Ever gone to check a Facebook friend request only to find out it's from your nan? Or, at the other end of the spectrum, your little cousin who now won't stop bombarding you with Candy Crush requests?
Whether you're a social media lover or hater, there's no use denying the widespread impact it has had on the way people connect and communicate. It's no longer restricted to the tech-savvy, either.
As the influence of social media continues to grow, different generations are signing up (or growing up, and taking their social media accounts with them), meaning now your 'friends' and followers could be a melting pot of generations, each bringing with them vastly different ideals, opinions, and, tellingly, levels of social media proficiency.
So how has the landscape of social media changed now it's no longer for those who 'get it'?
"The current era of online interaction is one of the first times in a long time where new users interact with older users, and by 'older' I mean users with quite a lot of experience," Dr Glen Fuller of the News & Media Research Centre, University of Canberra told The Huffington Post Australia.
"Quite often you'll see newer users making errors that older users think are obvious. On the other hand, older, more experienced users interact with each other in a way that newer users find bewildering.
"While it's not a new problem, the scale of the problem is relatively new."
Fuller says the differing levels of experience brought to each platform can prove frustrating for all involved. While you really don't want to see yet another picture of Aunty Glenda's cats, she might be equally confused as to why you, her beloved niece/nephew, haven't 'liked' them. Fuller says a lot of this comes down to newer users understanding the concept of audience.
"One of the good things about the internet is you can find a group of people who will like anything you like," Fuller told HuffPost Austraila.
"Which means if you want to talk about certain things, you can find the audience to do that with. Where the difficulty lies is you actually need to find that audience -- you can't just assume because you have a Twitter account you have an audience who is going to listen to everything you say.
"You also can't expect too much of the platform by assuming you are going to get interaction start away. Unless you're a massive celebrity, of course, in which case it's a completely different scenario."
Speaking of celebrity, Dr Tama Leaver of the School of Media, Culture and Creative Arts at Curtin University says one of the biggest cross-generational confusions on social media is none other than, you guessed it, the selfie.
Kim Kardashian, selfie queen.
"Opinions on selfies usually comes down to a generation thing," Leaver told HuffPost Australia. "The younger generations tend to view selfies as self-empowering, or that they are sharing positive body images with each other.
"On the other end you have accusations of narcissism and ridiculous self indulgence. In actual fact, both are probably true from from each perspective.
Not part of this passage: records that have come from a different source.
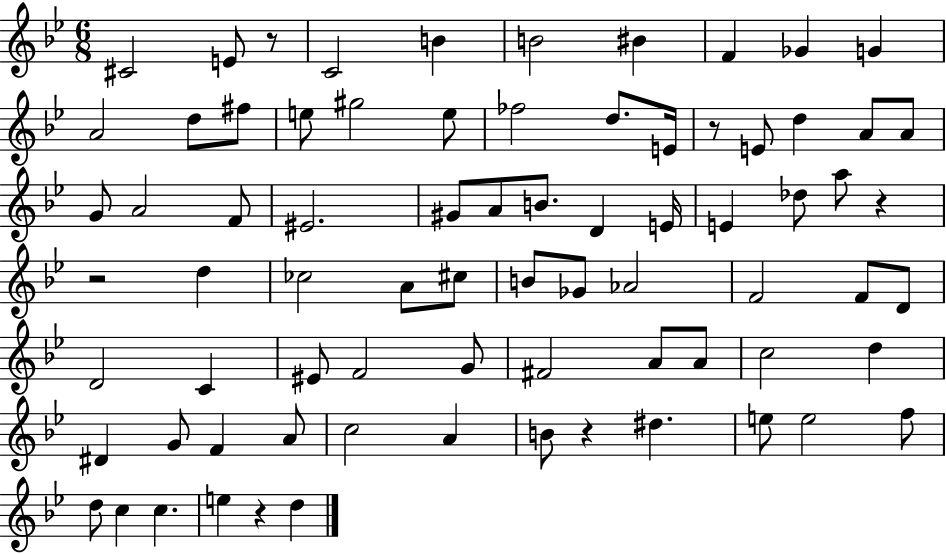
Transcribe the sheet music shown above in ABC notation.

X:1
T:Untitled
M:6/8
L:1/4
K:Bb
^C2 E/2 z/2 C2 B B2 ^B F _G G A2 d/2 ^f/2 e/2 ^g2 e/2 _f2 d/2 E/4 z/2 E/2 d A/2 A/2 G/2 A2 F/2 ^E2 ^G/2 A/2 B/2 D E/4 E _d/2 a/2 z z2 d _c2 A/2 ^c/2 B/2 _G/2 _A2 F2 F/2 D/2 D2 C ^E/2 F2 G/2 ^F2 A/2 A/2 c2 d ^D G/2 F A/2 c2 A B/2 z ^d e/2 e2 f/2 d/2 c c e z d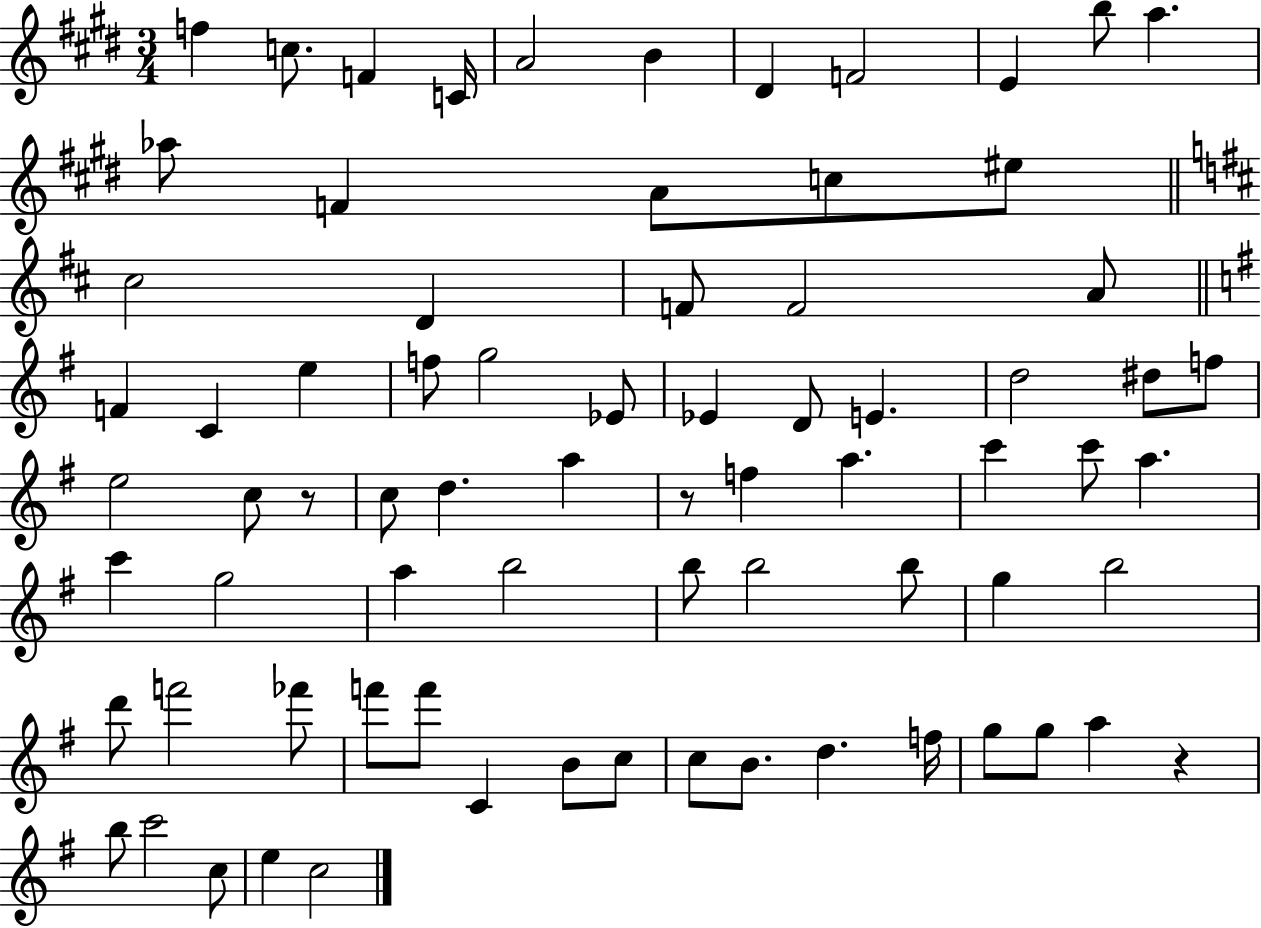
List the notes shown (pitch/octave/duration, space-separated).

F5/q C5/e. F4/q C4/s A4/h B4/q D#4/q F4/h E4/q B5/e A5/q. Ab5/e F4/q A4/e C5/e EIS5/e C#5/h D4/q F4/e F4/h A4/e F4/q C4/q E5/q F5/e G5/h Eb4/e Eb4/q D4/e E4/q. D5/h D#5/e F5/e E5/h C5/e R/e C5/e D5/q. A5/q R/e F5/q A5/q. C6/q C6/e A5/q. C6/q G5/h A5/q B5/h B5/e B5/h B5/e G5/q B5/h D6/e F6/h FES6/e F6/e F6/e C4/q B4/e C5/e C5/e B4/e. D5/q. F5/s G5/e G5/e A5/q R/q B5/e C6/h C5/e E5/q C5/h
"But both need to be aware of the platform they are using and what that means. Facebook is a good example. With something like 1.59 billion users, we're talking about a full spectrum of generations on there.
"It’s a sharing ground everyone will see. Myself, knowing my grandparents are looking at my Facebook account makes me much less likely to share certain things. I think this is why services such as Snapchat are popular, for that exact reason."
More experienced users are also advised to ease up on the judgment, already, and show a little patience as newer inductees learn the ropes. After all, ever checked out your very first profile picture? If it's something you'd be thrilled to still be using now, then props to you. But more often than not, it will make you cringe. (What were you thinking?)
"There are so many weird conversations on Facebook that really highlight generational differences," Leaver said. "Though you'll also see cultural differences as well as the level of technical ability coming into play.
"One of the most obvious examples of this is those posts you can share, such as 'I'm posting this Facebook so I’m protecting my privacy settings,' or the equivalent.
"For more experienced users, it's frustrating. They're thinking: 'this achieves nothing, why are you doing this again?' But that's just a classic example of the levels of technical literacy differing."
According to Leaver, the best thing to do is to get savvy with filters -- whether that means employing them yourself or showing Aunty Glenda how to join the page Cat Lovers Anonymous.
"Some people are really good at filtering. They are choosing what they want to see, and communicating their own posts to an interested audience," Leaver said.
"I think people who react most strongly [to seeing things they don't like on social media] are the ones who don’t understand they can tweak the system, both in terms of what you receive, and who sees what you share."